Long lists of court-ordered conditions or locking young children up will not make them healthy. The justice system is not designed to adequately support individuals when those individuals have complex emotional or developmental needs requiring specialized interventions.
Manitoba already incarcerates more children than any other province. Many of the children currently in custody are in or from the child-welfare system, and indigenous children are alarmingly overrepresented in each of these public systems. While the Youth Criminal Justice Act describes and promotes reasonable consequences, rehabilitation and reintegration, the reality is Manitoba has an unenviable track record of punishing very vulnerable children, without much evidence it has been effective. What we are doing is not working.
Over the past several years, the government has invested millions of dollars in an inquiry to learn how to better protect and care for Manitoba’s children. We learned most of Manitoba’s children enter care as a result of neglect associated with the poverty too many children and families are experiencing as a result of colonization.
Today, the families receiving child-welfare services are most often families that are living the legacies of residential schools and are struggling to rebuild family units after generations of children were forcibly removed. It is important to remember when stories circulate about young children behaving in extreme ways, the details that are made public are rarely complete and rarely accurate in terms of how much support and intervention is actually happening.
This is a critical time for our province and our country. We are all called to learn more and understand more fully the truth about what attempted assimilation and colonization have done to Canada’s indigenous peoples. Reconciliation is an opportunity for all Canadians to accept the difficult history, understand how it lives today and commit to ways we can each contribute to new and renewed relationships.
One thing we all share is a common desire to see children live in the best possible world. What one child will need is different from the next, and some need far more support and love than others because they come from an experience that sets their development far back from their peers.
When we reframe our understandings of children who have been traumatized, we also share an obligation to understand and provide care that reflects their diverse needs. The ideal environment for children is to be surrounded by a caring, compassionate community. The responsibility cannot simply be delegated to government officials and child-welfare workers — people often scapegoated when children experience bad outcomes.
In July 2015, our office reported upon children living with complex needs (Safe for Today: Barriers to Long-Term Success for Youth in Care with Complex Needs). We concluded the needs of many of these children are not being met, and the development of specialized placements has not kept pace with demand.

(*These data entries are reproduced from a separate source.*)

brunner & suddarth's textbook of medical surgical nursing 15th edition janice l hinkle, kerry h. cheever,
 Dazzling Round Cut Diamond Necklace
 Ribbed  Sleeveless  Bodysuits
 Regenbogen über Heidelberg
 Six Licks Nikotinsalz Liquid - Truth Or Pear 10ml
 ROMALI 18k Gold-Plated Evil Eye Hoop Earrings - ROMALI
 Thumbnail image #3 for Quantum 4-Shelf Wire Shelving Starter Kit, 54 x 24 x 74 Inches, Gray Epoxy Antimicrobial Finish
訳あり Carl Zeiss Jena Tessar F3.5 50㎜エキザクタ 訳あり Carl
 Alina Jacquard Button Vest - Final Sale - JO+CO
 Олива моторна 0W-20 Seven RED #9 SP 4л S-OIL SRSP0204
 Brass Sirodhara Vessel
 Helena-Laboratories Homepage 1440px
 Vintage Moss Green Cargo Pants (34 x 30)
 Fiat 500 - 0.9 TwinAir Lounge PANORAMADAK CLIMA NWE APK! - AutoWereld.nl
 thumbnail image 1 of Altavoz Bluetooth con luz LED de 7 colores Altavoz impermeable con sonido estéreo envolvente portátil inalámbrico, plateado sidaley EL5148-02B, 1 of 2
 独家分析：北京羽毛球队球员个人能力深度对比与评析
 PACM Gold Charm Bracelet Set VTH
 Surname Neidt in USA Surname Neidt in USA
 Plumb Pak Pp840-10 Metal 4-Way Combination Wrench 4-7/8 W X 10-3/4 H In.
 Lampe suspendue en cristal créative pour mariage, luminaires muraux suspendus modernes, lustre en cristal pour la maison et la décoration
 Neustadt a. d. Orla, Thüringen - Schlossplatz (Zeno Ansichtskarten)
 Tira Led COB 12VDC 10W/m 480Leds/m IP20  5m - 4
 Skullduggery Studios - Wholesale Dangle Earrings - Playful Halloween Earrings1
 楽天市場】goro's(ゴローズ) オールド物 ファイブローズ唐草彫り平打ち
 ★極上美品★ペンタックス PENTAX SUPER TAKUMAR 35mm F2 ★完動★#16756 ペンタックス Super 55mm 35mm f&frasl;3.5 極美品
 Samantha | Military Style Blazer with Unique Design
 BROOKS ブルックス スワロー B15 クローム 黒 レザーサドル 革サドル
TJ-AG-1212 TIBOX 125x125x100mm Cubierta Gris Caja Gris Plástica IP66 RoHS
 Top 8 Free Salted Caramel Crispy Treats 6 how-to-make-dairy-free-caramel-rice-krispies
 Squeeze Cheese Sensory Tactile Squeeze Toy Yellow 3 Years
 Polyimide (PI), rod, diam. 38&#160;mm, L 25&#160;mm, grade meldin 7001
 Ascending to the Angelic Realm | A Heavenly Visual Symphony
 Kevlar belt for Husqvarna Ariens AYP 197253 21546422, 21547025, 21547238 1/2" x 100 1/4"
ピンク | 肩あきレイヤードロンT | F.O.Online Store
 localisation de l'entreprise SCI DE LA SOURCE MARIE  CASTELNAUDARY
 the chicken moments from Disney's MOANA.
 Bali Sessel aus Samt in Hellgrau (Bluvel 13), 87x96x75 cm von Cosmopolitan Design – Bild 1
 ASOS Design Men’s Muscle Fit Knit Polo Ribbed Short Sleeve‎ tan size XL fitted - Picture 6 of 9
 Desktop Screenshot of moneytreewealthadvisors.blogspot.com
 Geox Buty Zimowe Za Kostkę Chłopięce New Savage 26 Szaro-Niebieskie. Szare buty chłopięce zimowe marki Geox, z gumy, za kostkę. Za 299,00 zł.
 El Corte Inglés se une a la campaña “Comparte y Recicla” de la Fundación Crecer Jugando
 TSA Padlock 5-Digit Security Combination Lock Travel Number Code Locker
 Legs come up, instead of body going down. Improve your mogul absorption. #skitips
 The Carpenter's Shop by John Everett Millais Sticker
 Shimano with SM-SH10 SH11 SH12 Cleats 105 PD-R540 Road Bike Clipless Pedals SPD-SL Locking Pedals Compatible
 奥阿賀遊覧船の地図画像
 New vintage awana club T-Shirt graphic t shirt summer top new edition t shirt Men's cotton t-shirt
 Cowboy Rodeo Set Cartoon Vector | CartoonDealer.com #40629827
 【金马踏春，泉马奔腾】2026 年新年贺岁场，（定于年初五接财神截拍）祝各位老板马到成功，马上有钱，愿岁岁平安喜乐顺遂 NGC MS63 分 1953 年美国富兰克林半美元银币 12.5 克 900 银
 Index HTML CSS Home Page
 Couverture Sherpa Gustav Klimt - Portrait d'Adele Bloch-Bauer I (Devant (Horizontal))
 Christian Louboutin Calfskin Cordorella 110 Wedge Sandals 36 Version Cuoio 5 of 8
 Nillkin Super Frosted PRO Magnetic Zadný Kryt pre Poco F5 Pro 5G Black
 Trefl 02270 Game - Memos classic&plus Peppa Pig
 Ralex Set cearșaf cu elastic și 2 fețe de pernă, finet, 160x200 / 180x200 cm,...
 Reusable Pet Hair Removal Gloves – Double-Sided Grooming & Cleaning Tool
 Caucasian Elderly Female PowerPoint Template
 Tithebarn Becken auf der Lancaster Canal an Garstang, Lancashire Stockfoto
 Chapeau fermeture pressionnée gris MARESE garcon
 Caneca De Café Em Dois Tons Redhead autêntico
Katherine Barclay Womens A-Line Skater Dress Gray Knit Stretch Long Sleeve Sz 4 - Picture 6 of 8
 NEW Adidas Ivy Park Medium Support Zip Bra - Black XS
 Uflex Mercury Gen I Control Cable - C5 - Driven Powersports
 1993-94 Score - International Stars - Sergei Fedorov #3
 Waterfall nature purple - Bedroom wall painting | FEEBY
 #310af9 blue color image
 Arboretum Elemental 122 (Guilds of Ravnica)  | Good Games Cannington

We made a number of findings and recommendations, including that the government organize a summit with key stakeholders to develop a unified vision and plan of action for services. These recommendations, which promise the possibility of a shared commitment to a concrete and coherent plan of action, have not been implemented.
While governments have the responsibility to design and support policies that create opportunities for growth and positive change, individuals also have a role to play. Even if you feel the decisions of government are out of your hands, you have opportunities to influence conversations and decisions by ensuring your voice is heard. Join us in continuing to advocate for better outcomes for all of our children and youth — even those who have experienced incredible trauma and who are acting out in negative ways.
Instead of criminalizing them, we need to work to understand them and provide for their needs. This is the work of governments, health-care providers, educators, elders, neighbours, activists, business leaders, volunteers, academics, community leaders and community-based organizations — it’s our work as engaged, caring citizens.
Healthy children live in healthy communities, and we have much work left to do.
Darlene MacDonald is the Manitoba’s children’s advocate.